There is a target dividend of 5p per share, payable from 2020. Puma will aim to ensure the VCT can be wound up and the remaining capital and income returned to investors after eight to ten years from the closing date of the offer, although there is no guarantee of this.
Please remember your capital is at risk. VCTs are high-risk investments and are not suitable for everyone. Investors should not invest money they cannot afford to lose.
The risks and investment objectives are different with each VCT, but with a significant proportion of the combined portfolios invested in property-owning businesses, investors are likely to be exposed to commercial property.
Tax rules can change and tax benefits depend on individual circumstances.
Venture capital schemes have been the subject of a Treasury consultation. The proposals could have an effect on the investment policy of this VCT in future.
Fees and charges
A summary of the fees and charges is shown below. The net initial charge shown includes the Wealth Club discount.
|Full initial charge||3%|
|Wealth Club initial saving||2%||Net initial charge through Wealth Club||1%|
|Annual rebate (for three years)||0.10%|
More detail on the charges
Annual rebate when you invest through Wealth Club
The Puma VCT 13 includes an annual rebate for Wealth Club investors, payable for the first three years.
This is a rebate of our renewal commission and should be equivalent to 0.10% of the Net Asset Value of the Offer Shares issued to you when you invest. Terms and conditions apply.
The Company may operate a buy back policy at a 5% discount to their net asset value (after five years from the investment). Please see the offer documents for details.
Dividend Investment Scheme
There will be no dividend re-investment scheme.
The deadline to benefit from the 1% early bird enhancement in the form of additional shares is 1 October 2018.
Puma VCT 13 is unlikely to deliver stellar returns – indeed, it’s not designed to. It is structured to enable the VCT to be wound up after seven to nine years, with the remaining funds returned to investors. The initial tax break forms the majority of the return, and the underlying investments are likely to be in property-owning businesses, to mitigate downside risk. The Puma team is very experienced in this style of VCT management. If you’re interested in a limited life VCT this is one to consider.

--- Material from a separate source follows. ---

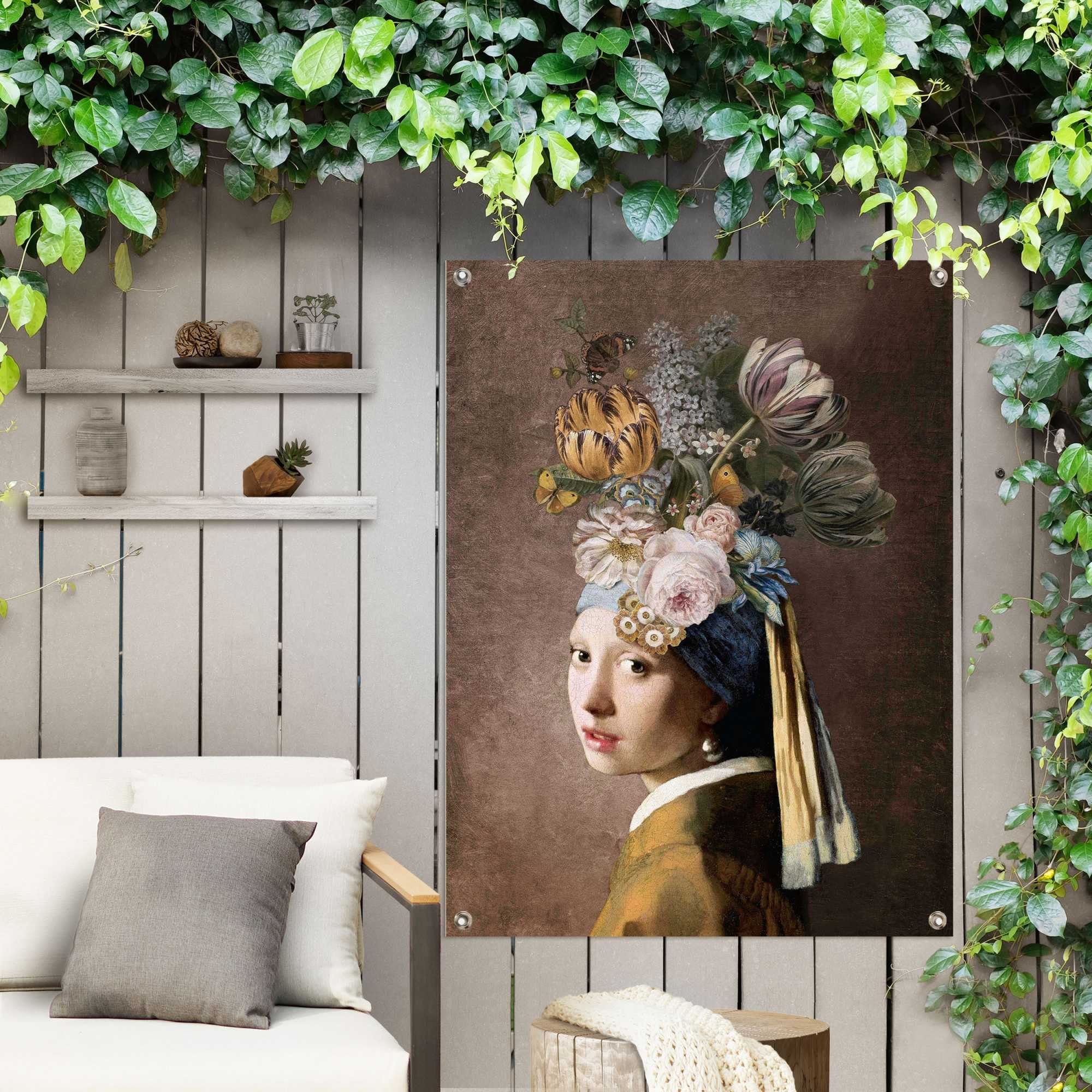 Reinders! Poster Vermeer bloemenmeisje met de pareloorbel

Wealth Club aims to make it easier for experienced investors to find information on – and apply for – tax-efficient investments. You should base your investment decision on the provider's documents and ensure you have read and fully understand them before investing. This review is a marketing communication. It is not advice or a personal or research recommendation to buy the investment mentioned. It does not satisfy legal requirements promoting investment research independence and is thus not subject to prohibitions on dealing ahead of its dissemination.